§ **Prompt**
Below are entries; copy exactly the lines from the one with "A PAIR OF LATE" through the one with "Vertical shot of", both included, and leave out the rest.

*** Opening of Data listing ***

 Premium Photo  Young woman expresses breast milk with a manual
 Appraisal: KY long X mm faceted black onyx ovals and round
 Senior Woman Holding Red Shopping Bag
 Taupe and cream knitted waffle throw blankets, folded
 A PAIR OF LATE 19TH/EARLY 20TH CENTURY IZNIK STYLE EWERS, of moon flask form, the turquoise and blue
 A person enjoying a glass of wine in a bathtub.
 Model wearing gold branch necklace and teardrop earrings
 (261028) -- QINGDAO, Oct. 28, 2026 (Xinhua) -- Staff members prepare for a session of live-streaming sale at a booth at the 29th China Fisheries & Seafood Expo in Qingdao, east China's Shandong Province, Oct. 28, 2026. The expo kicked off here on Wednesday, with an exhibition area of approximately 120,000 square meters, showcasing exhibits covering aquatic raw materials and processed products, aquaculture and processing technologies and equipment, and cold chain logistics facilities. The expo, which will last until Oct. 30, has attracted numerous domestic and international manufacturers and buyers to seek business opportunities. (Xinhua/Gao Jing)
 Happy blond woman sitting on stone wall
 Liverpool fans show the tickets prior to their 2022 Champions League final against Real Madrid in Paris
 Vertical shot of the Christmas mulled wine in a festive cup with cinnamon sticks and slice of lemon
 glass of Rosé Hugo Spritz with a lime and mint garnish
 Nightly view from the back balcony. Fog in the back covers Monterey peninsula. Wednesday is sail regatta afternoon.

*** Close of Data listing ***

§ **Exercise response**
 A PAIR OF LATE 19TH/EARLY 20TH CENTURY IZNIK STYLE EWERS, of moon flask form, the turquoise and blue
 A person enjoying a glass of wine in a bathtub.
 Model wearing gold branch necklace and teardrop earrings
 (261028) -- QINGDAO, Oct. 28, 2026 (Xinhua) -- Staff members prepare for a session of live-streaming sale at a booth at the 29th China Fisheries & Seafood Expo in Qingdao, east China's Shandong Province, Oct. 28, 2026. The expo kicked off here on Wednesday, with an exhibition area of approximately 120,000 square meters, showcasing exhibits covering aquatic raw materials and processed products, aquaculture and processing technologies and equipment, and cold chain logistics facilities. The expo, which will last until Oct. 30, has attracted numerous domestic and international manufacturers and buyers to seek business opportunities. (Xinhua/Gao Jing)
 Happy blond woman sitting on stone wall
 Liverpool fans show the tickets prior to their 2022 Champions League final against Real Madrid in Paris
 Vertical shot of the Christmas mulled wine in a festive cup with cinnamon sticks and slice of lemon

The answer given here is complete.